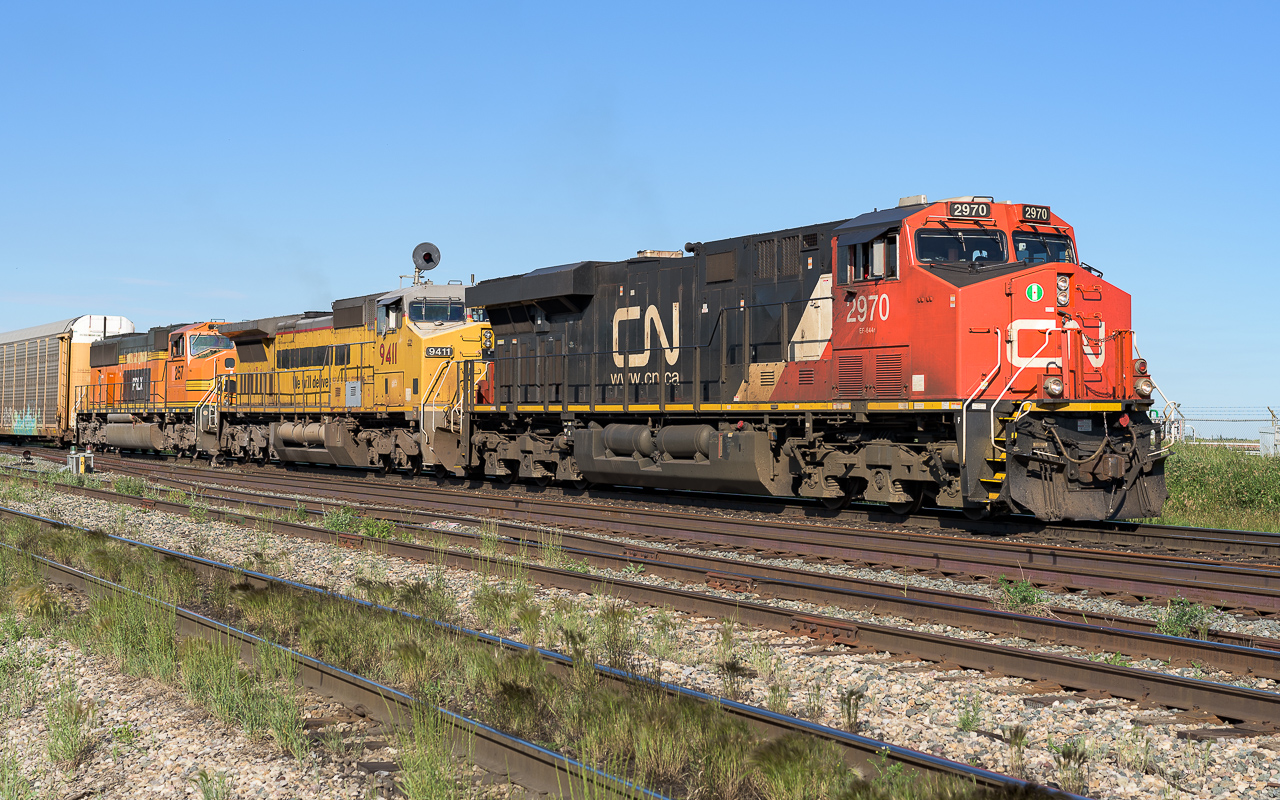 CN 2970, GECX 9411 and PRLX 257 are coming up the hill to Clover Bar with a long train of loaded auto racks.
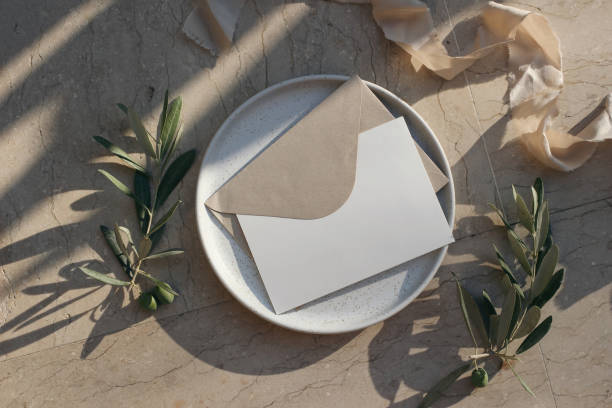 istock Summer branding, wedding stationery. Blank greeting card, envelope mock up on ceramic plate in sunlight. Beige marble background. Olive tree branches, fruit, ribbon. Long shadows. Flat lay, top view. 1471618030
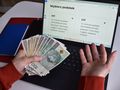 pieniądze w ręku przed ekranem komputera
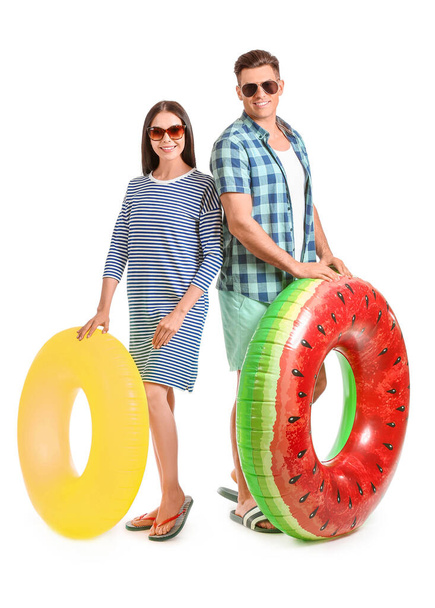 Jeune couple avec anneaux gonflables sur fond de couleur - Photo, image
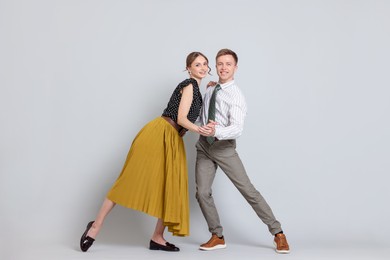 Photo of Happy couple in retro outfits dancing on light grey background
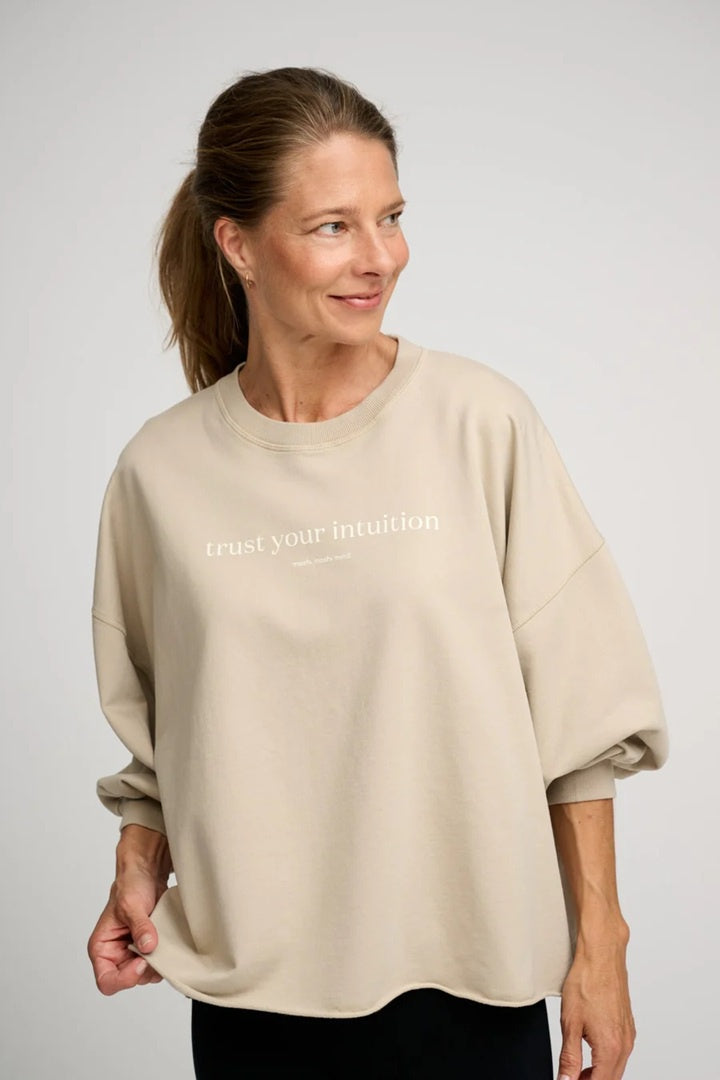 Woman wearing ecru oversized sweat shirt with boxy fit and voluminous sleeves.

____________

Work order
When you repeat the data, keep every line exact and drop the images.

Solution to the exercise
 CN 2970, GECX 9411 and PRLX 257 are coming up the hill to Clover Bar with a long train of loaded auto racks.
 istock Summer branding, wedding stationery. Blank greeting card, envelope mock up on ceramic plate in sunlight. Beige marble background. Olive tree branches, fruit, ribbon. Long shadows. Flat lay, top view. 1471618030
 pieniądze w ręku przed ekranem komputera
 Jeune couple avec anneaux gonflables sur fond de couleur - Photo, image
 Photo of Happy couple in retro outfits dancing on light grey background
 Woman wearing ecru oversized sweat shirt with boxy fit and voluminous sleeves.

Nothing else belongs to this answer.